BEGIN

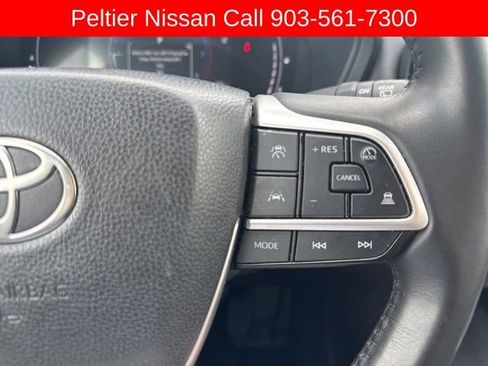 Used 2025 Toyota Grand Highlander AWD image 14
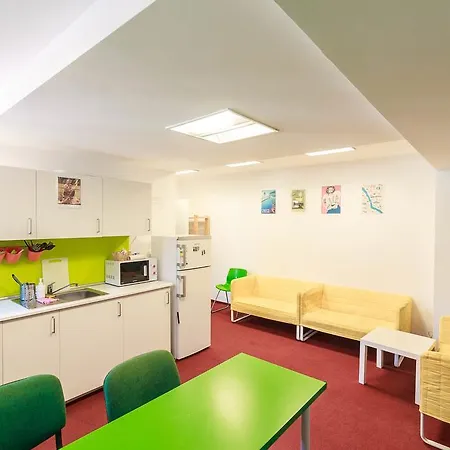 旅馆 Pura Vida Sky Bar &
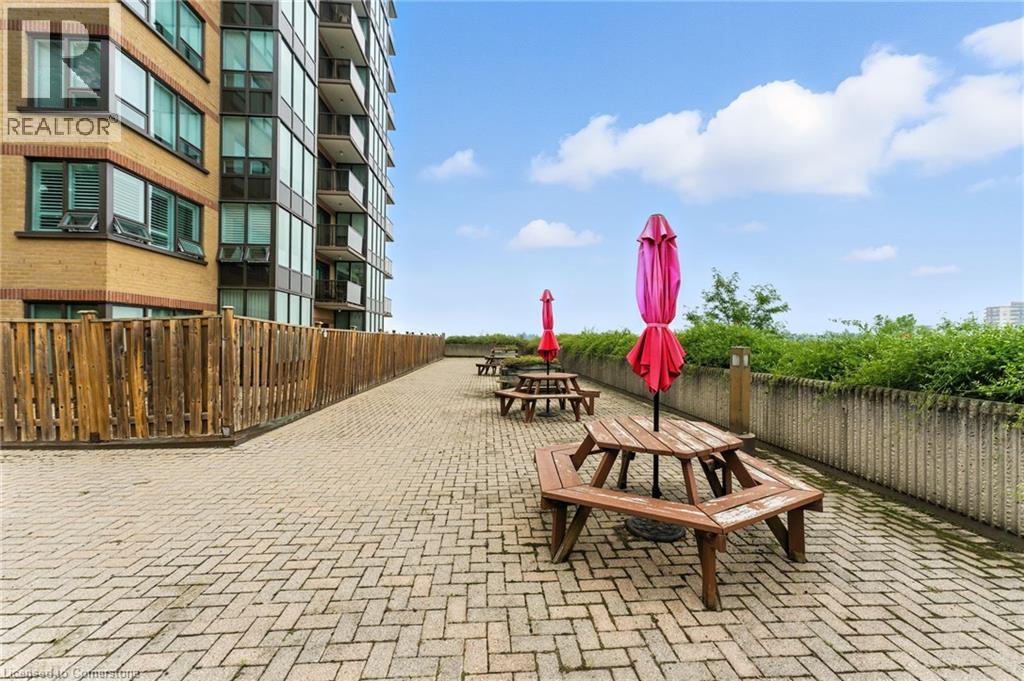 Photo 38 of 237 King Street W Unit 1104, Cambridge ON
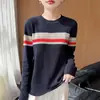 Suéter de punto de algodón puro a rayas retro para mujer, cuello redondo, diseño a rayas de bloques de color, casual y adecuado para el trabajo, se puede usar como capa exterior o como capa base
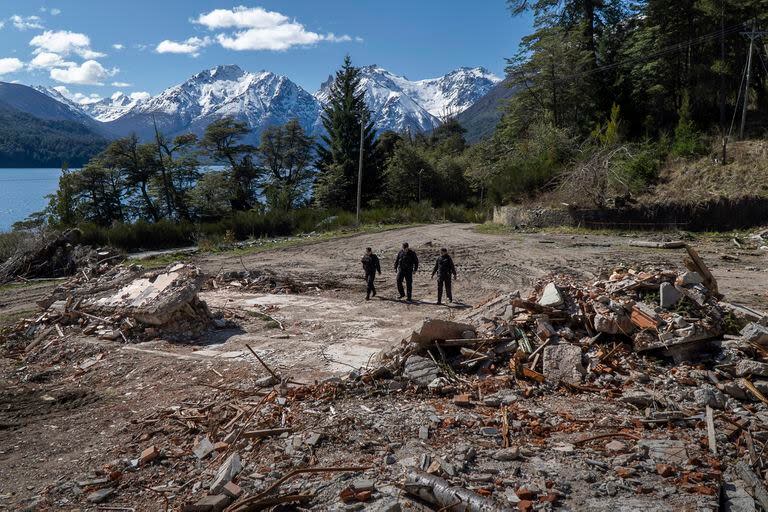 Miembros de Fuerzas Federales recorren el demolido hotel de parques nacionales ubicado en Mascardi. El mismo había sido ocupado por la comunidad mapuche Lafken Winkul Mapu durante 5 años junto con otros predios lindantes en la zona. Villa Mascardi, 2 de junio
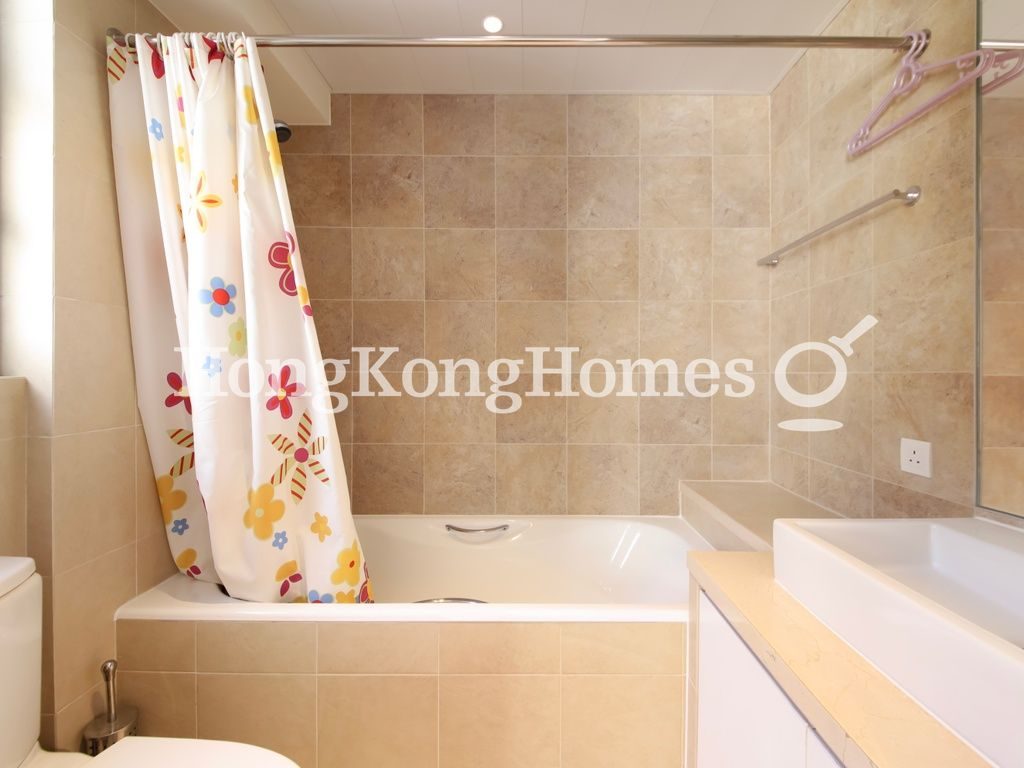 Third Ensuite Bedroom — Piccadilly Mansion, Mid-levels West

END

The lines above from the line with "Photo 38 of" through the line with "Miembros de Fuerzas" are to be given again word for word, with no pictures among them.

 Photo 38 of 237 King Street W Unit 1104, Cambridge ON
 Suéter de punto de algodón puro a rayas retro para mujer, cuello redondo, diseño a rayas de bloques de color, casual y adecuado para el trabajo, se puede usar como capa exterior o como capa base
 Miembros de Fuerzas Federales recorren el demolido hotel de parques nacionales ubicado en Mascardi. El mismo había sido ocupado por la comunidad mapuche Lafken Winkul Mapu durante 5 años junto con otros predios lindantes en la zona. Villa Mascardi, 2 de junio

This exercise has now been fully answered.